## Aim of the task
Transcribe, word for word, only the lines from the one containing "APSG - Genuine" through the end of the material below. Pictures stay out.

[Opening Material for this task section]

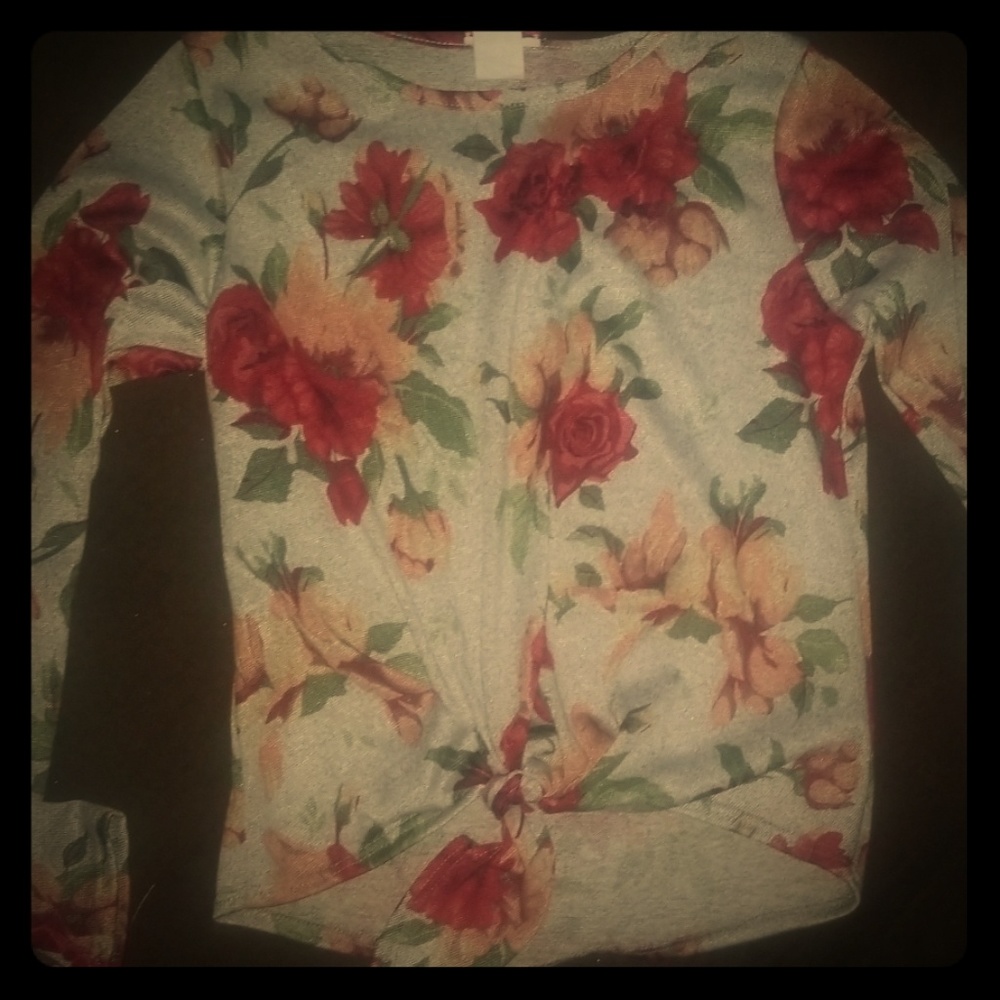 Long sleeve rose shirt
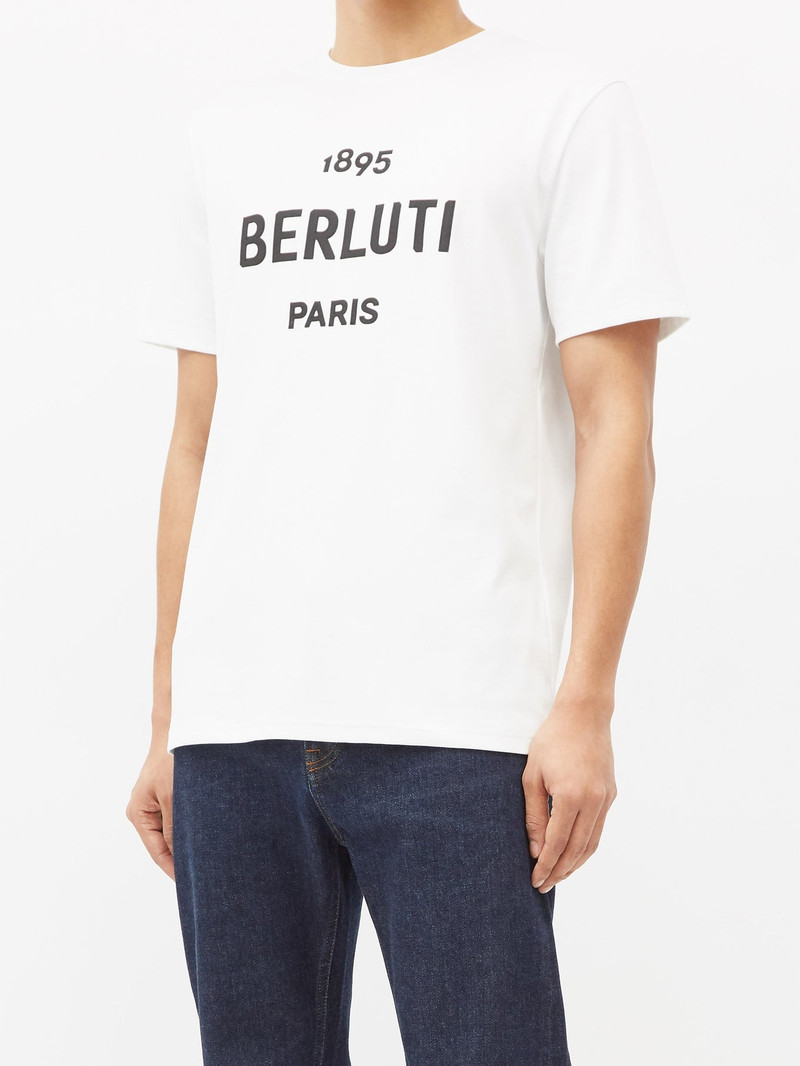 Berluti Logo-print cotton-jersey T-shirt outlook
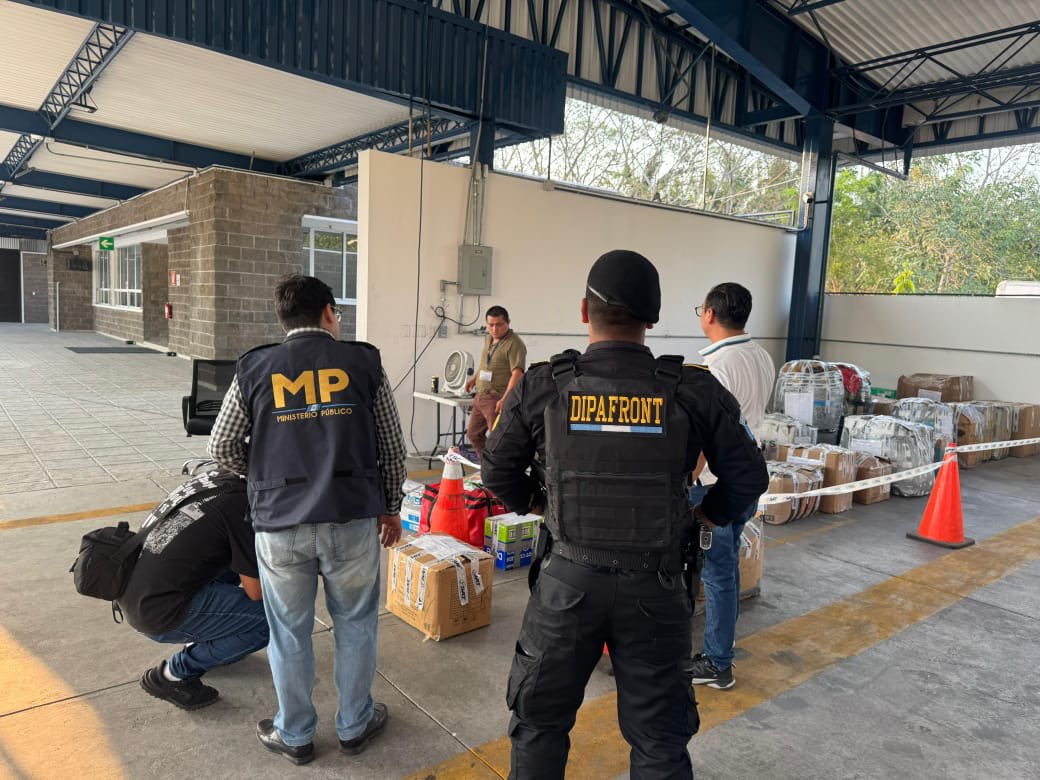 Hombre es detenido en la frontera con mercadería de contrabando valorada en más de Q3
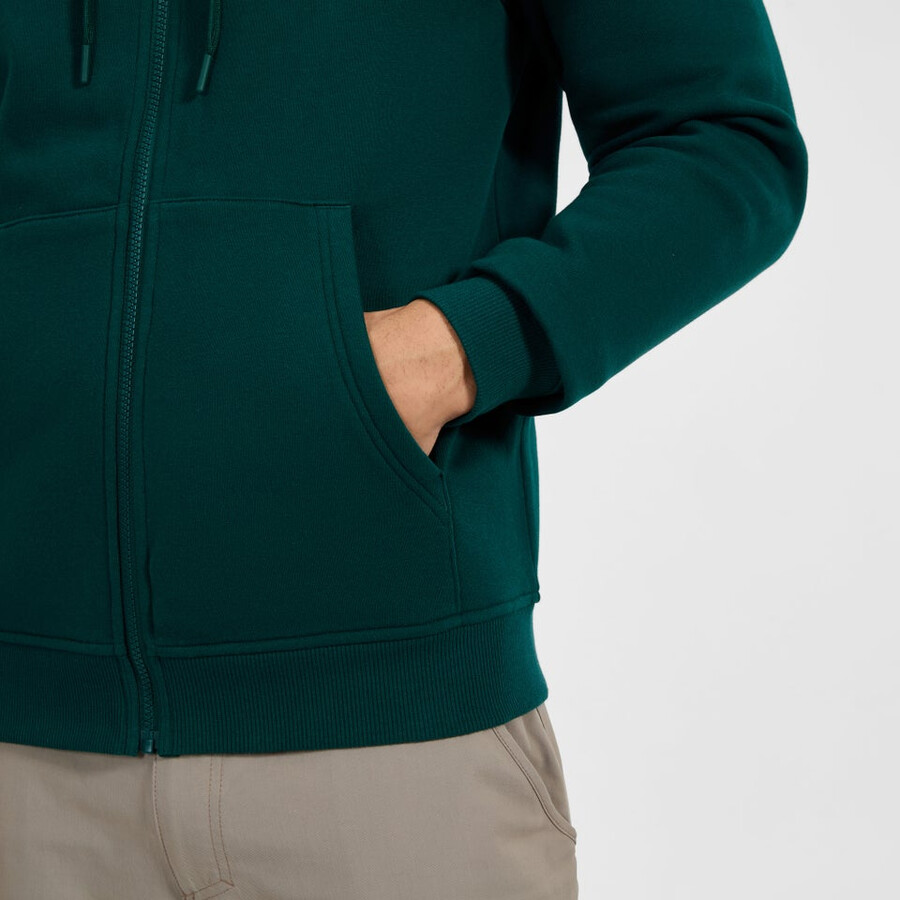 mens logo full zip hoodie - green berghaus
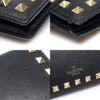 Valentino Black Calfskin Rockstud Wallet 160756438 [P]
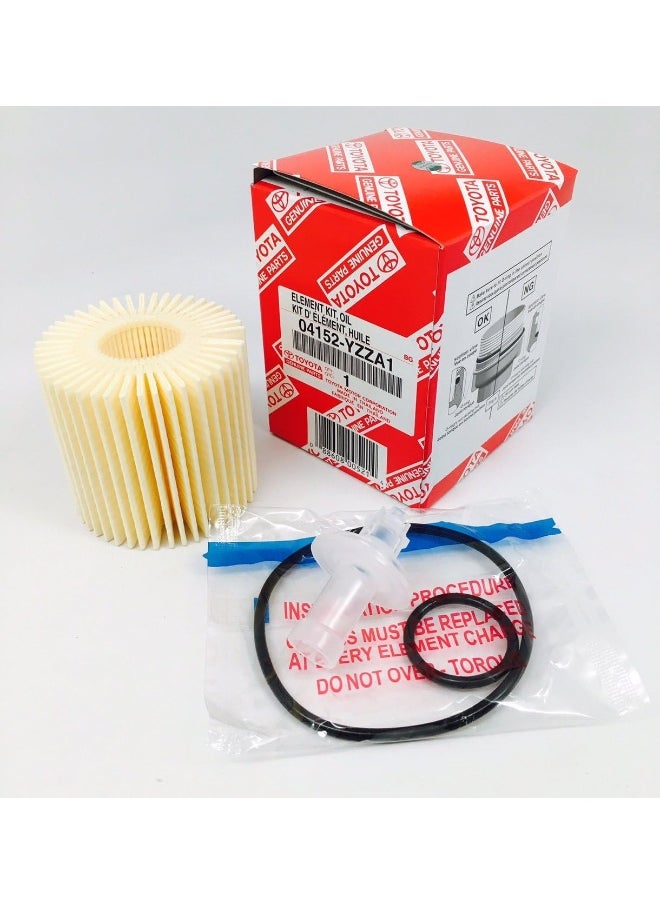 APSG - Genuine 04152-YZZA1 oil filter with Genuine 15620-31060 Oil Filter Housing Cap and 15643-31050 Cap Plug includes APSG Wrench and crush washer - Image 1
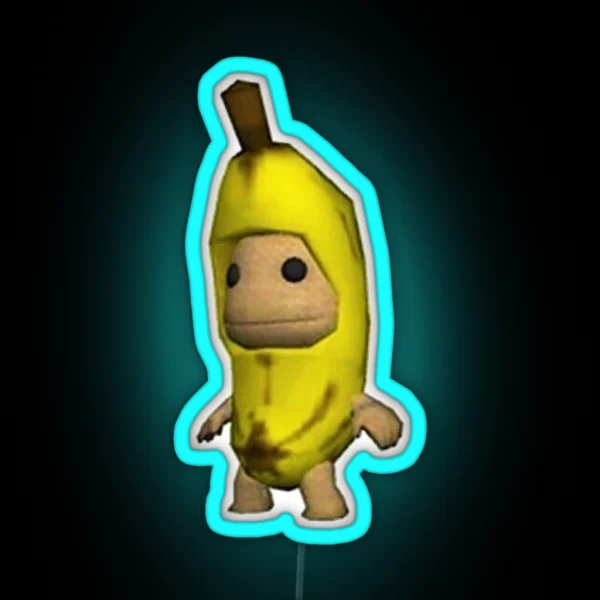 Banana Sackboy RGB Neon Sign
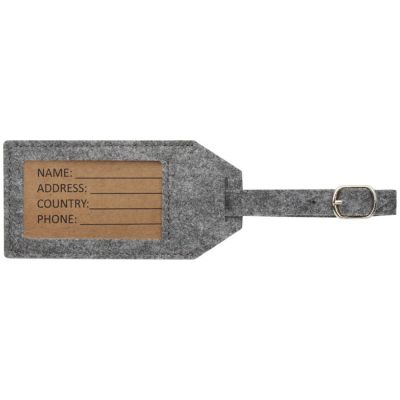 Багажная бирка Tie - Серый-1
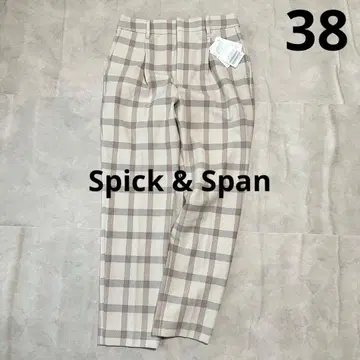 스픽앤스팬 기모 테이퍼드 출퇴근 팬츠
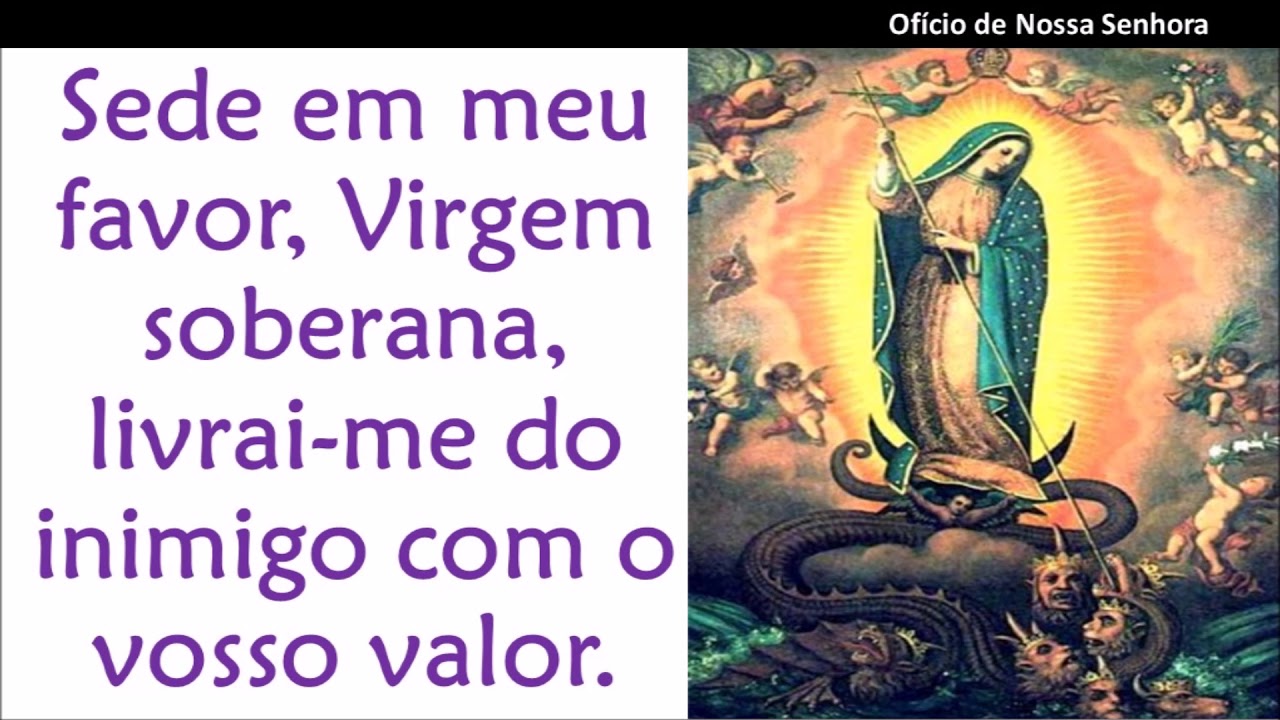 ofício de nossa senhora letra para imprimir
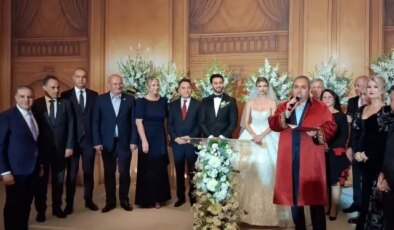 Siyaset ve ekonomi dünyasını buluşturan YouTuber düğünü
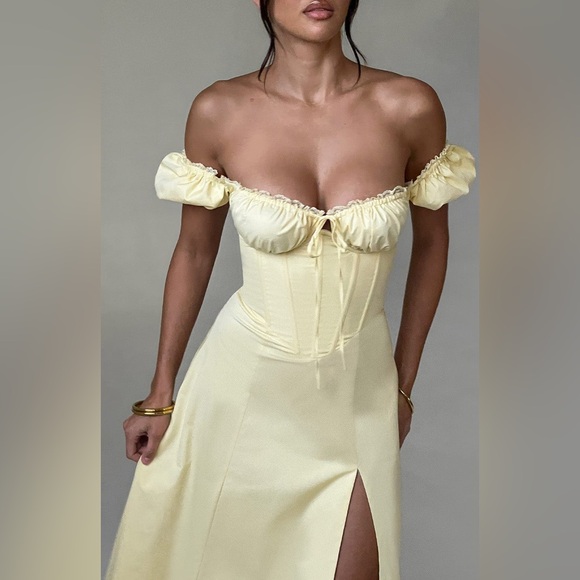 NWT BABYBOO YELLOW MIDI DRESS - Picture 9 of 10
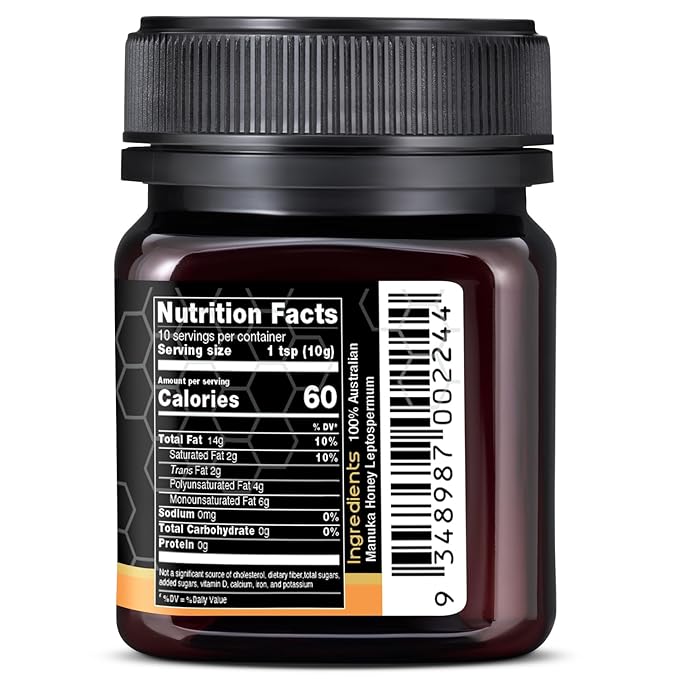 Nature’s Gold Raw Manuka Honey MGO 829+ | Authentic MGO Australian Honey Non-GMO 100% Pure Genuine Traceable from Hive to Home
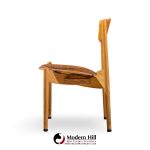 jens risom general purpose mid century walnut dining chair - set of 4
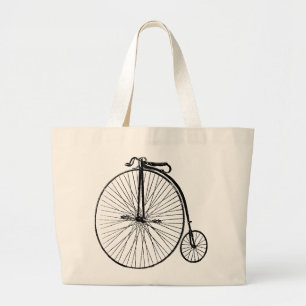 Antike Penny Farthing Fahrrad-Tasche Jumbo Stoffbeutel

[Closing Material for this task section]

## Finished exercise
 APSG - Genuine 04152-YZZA1 oil filter with Genuine 15620-31060 Oil Filter Housing Cap and 15643-31050 Cap Plug includes APSG Wrench and crush washer - Image 1
 Banana Sackboy RGB Neon Sign
 Багажная бирка Tie - Серый-1
 스픽앤스팬 기모 테이퍼드 출퇴근 팬츠
 ofício de nossa senhora letra para imprimir
 Siyaset ve ekonomi dünyasını buluşturan YouTuber düğünü
 NWT BABYBOO YELLOW MIDI DRESS - Picture 9 of 10
 Nature’s Gold Raw Manuka Honey MGO 829+ | Authentic MGO Australian Honey Non-GMO 100% Pure Genuine Traceable from Hive to Home
 jens risom general purpose mid century walnut dining chair - set of 4
 Antike Penny Farthing Fahrrad-Tasche Jumbo Stoffbeutel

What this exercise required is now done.